▶ Exercise: What do the lines from the top of the data through the line with "Ｎ－ＢＯＸ ベースグレード　４ＷＤ　純正" say? Quote them exactly and include both ends.

▶ The data:
Start of Block

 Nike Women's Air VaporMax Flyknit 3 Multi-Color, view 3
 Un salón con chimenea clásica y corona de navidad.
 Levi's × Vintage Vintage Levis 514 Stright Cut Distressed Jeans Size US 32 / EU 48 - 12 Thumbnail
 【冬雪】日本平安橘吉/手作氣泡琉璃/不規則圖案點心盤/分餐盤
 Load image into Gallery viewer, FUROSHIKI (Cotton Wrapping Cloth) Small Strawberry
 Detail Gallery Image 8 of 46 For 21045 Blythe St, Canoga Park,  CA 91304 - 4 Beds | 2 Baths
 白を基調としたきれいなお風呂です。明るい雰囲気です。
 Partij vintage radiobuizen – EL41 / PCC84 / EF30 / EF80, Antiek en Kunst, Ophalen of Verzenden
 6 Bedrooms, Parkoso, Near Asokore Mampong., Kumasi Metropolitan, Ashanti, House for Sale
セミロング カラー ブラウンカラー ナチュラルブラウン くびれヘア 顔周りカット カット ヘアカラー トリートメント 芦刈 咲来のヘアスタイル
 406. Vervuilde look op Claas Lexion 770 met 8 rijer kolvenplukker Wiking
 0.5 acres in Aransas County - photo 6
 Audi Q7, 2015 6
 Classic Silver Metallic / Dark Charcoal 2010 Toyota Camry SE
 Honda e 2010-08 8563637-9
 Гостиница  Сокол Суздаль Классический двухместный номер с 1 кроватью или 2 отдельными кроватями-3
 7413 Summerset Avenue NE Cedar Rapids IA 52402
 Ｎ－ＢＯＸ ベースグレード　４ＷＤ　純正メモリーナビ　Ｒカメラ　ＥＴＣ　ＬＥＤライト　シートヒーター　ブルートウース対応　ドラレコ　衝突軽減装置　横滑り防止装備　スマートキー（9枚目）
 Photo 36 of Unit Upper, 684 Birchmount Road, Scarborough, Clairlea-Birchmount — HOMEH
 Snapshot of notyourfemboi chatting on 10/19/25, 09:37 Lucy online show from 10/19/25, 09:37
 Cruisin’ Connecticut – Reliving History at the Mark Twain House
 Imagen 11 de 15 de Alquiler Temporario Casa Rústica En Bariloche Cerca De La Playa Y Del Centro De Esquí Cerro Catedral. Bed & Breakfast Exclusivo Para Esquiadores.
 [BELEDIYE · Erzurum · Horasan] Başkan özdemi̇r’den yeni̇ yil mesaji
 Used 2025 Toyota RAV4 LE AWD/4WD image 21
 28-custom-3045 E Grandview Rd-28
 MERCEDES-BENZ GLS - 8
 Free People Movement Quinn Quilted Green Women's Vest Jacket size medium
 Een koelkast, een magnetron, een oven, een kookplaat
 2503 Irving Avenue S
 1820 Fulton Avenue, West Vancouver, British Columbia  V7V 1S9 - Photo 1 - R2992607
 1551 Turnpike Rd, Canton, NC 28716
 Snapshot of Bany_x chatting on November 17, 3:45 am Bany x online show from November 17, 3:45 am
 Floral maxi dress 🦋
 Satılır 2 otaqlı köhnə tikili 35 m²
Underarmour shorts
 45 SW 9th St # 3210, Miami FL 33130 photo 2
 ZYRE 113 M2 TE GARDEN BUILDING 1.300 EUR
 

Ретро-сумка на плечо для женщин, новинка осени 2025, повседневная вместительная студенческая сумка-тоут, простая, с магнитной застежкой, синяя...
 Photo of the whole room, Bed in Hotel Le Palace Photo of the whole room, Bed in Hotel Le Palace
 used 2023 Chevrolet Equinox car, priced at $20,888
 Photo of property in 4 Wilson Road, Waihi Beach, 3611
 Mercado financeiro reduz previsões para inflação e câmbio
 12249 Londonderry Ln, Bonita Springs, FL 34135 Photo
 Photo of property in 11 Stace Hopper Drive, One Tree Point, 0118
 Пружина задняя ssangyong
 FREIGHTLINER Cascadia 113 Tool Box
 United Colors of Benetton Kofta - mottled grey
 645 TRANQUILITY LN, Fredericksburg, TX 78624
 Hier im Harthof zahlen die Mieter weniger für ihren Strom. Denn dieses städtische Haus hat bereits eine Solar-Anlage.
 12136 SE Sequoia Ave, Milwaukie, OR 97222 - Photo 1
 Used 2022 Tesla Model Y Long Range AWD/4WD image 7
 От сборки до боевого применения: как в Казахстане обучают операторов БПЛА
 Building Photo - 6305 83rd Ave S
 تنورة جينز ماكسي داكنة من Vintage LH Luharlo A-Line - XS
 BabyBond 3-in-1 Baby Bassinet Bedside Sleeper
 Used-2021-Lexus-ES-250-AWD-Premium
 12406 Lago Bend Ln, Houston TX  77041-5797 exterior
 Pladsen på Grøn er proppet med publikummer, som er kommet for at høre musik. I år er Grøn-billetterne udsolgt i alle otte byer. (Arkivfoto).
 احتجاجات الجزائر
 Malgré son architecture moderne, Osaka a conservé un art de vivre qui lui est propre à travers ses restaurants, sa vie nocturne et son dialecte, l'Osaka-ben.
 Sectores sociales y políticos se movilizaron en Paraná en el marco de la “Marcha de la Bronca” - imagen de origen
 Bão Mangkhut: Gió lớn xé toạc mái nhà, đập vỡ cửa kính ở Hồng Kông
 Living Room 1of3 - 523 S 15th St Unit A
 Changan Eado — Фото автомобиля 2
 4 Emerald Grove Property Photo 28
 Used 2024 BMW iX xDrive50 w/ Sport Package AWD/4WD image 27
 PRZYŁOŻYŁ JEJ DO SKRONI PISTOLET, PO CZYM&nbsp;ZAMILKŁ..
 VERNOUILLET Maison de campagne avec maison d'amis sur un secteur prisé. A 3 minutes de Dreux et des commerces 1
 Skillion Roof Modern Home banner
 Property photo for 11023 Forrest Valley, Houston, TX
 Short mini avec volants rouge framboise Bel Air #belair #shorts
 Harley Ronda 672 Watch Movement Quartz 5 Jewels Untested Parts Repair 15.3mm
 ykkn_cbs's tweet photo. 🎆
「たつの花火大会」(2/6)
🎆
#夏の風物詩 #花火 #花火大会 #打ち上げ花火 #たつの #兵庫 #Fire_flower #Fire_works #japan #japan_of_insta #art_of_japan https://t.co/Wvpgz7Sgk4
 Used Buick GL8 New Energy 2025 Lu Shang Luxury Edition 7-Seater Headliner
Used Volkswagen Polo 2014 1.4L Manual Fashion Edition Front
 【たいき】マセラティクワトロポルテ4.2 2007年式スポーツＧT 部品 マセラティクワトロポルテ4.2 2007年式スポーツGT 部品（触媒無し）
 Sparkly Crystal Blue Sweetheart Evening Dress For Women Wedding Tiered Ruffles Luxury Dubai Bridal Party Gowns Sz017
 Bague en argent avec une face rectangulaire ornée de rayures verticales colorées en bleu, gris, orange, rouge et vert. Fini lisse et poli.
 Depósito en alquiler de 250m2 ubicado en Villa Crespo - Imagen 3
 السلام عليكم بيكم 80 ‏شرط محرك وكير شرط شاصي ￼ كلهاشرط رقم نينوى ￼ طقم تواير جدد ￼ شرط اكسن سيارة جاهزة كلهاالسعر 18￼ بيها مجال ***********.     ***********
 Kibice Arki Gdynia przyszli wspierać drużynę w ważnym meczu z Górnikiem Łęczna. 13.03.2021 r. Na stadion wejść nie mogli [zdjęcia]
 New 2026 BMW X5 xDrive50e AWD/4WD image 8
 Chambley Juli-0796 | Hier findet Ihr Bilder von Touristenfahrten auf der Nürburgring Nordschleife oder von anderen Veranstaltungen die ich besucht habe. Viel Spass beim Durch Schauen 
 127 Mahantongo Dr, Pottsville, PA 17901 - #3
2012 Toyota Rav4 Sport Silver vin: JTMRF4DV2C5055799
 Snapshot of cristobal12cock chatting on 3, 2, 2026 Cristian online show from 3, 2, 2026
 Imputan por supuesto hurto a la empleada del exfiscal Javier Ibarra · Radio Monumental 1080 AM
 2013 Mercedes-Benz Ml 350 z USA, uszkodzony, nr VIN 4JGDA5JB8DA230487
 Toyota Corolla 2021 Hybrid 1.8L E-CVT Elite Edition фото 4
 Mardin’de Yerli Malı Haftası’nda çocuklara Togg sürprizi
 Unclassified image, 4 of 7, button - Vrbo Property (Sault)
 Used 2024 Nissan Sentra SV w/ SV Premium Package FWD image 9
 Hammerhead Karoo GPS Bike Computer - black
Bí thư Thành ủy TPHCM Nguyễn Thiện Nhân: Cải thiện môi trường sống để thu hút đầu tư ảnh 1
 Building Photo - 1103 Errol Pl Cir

End of Block

▶ Task output:
 Nike Women's Air VaporMax Flyknit 3 Multi-Color, view 3
 Un salón con chimenea clásica y corona de navidad.
 Levi's × Vintage Vintage Levis 514 Stright Cut Distressed Jeans Size US 32 / EU 48 - 12 Thumbnail
 【冬雪】日本平安橘吉/手作氣泡琉璃/不規則圖案點心盤/分餐盤
 Load image into Gallery viewer, FUROSHIKI (Cotton Wrapping Cloth) Small Strawberry
 Detail Gallery Image 8 of 46 For 21045 Blythe St, Canoga Park,  CA 91304 - 4 Beds | 2 Baths
 白を基調としたきれいなお風呂です。明るい雰囲気です。
 Partij vintage radiobuizen – EL41 / PCC84 / EF30 / EF80, Antiek en Kunst, Ophalen of Verzenden
 6 Bedrooms, Parkoso, Near Asokore Mampong., Kumasi Metropolitan, Ashanti, House for Sale
セミロング カラー ブラウンカラー ナチュラルブラウン くびれヘア 顔周りカット カット ヘアカラー トリートメント 芦刈 咲来のヘアスタイル
 406. Vervuilde look op Claas Lexion 770 met 8 rijer kolvenplukker Wiking
 0.5 acres in Aransas County - photo 6
 Audi Q7, 2015 6
 Classic Silver Metallic / Dark Charcoal 2010 Toyota Camry SE
 Honda e 2010-08 8563637-9
 Гостиница  Сокол Суздаль Классический двухместный номер с 1 кроватью или 2 отдельными кроватями-3
 7413 Summerset Avenue NE Cedar Rapids IA 52402
 Ｎ－ＢＯＸ ベースグレード　４ＷＤ　純正メモリーナビ　Ｒカメラ　ＥＴＣ　ＬＥＤライト　シートヒーター　ブルートウース対応　ドラレコ　衝突軽減装置　横滑り防止装備　スマートキー（9枚目）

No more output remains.